DATASET EXTRACT
========================

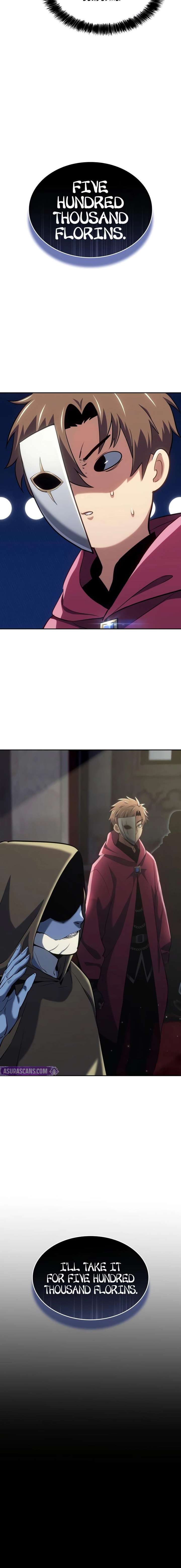 ch 47 9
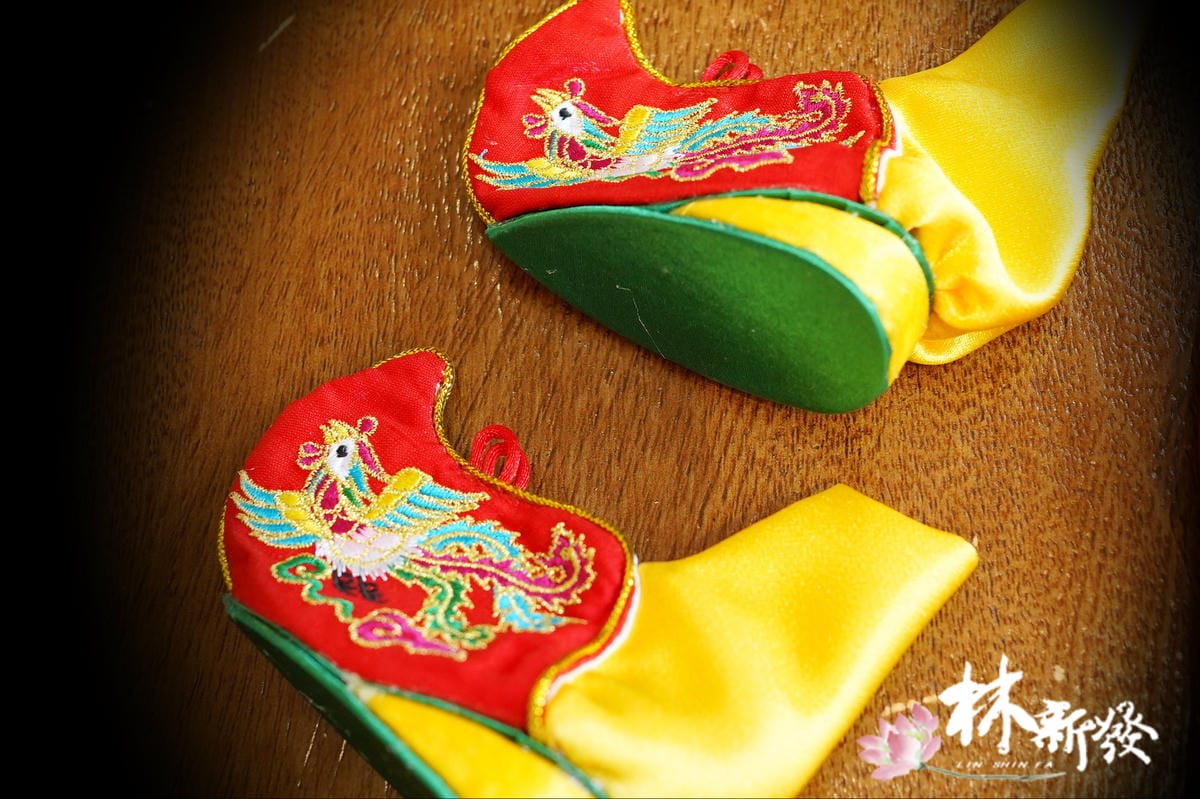 20250329三公主軟身衣 (8).JPG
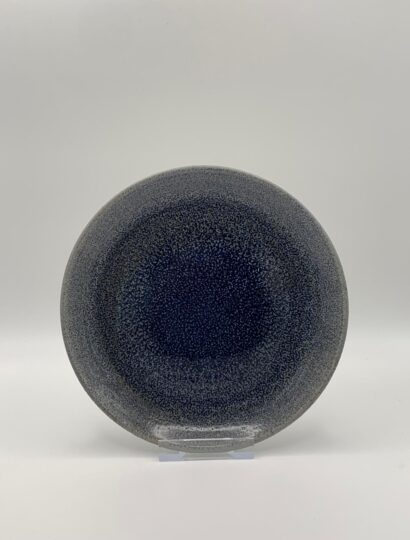 Churchill - Stonecast Aqueous Fjord Coupe-Teller - 16,5cm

========================

When you reproduce the data shown above, keep each line exact and omit every picture.

TASK SOLUTION
 ch 47 9
 20250329三公主軟身衣 (8).JPG
 Churchill - Stonecast Aqueous Fjord Coupe-Teller - 16,5cm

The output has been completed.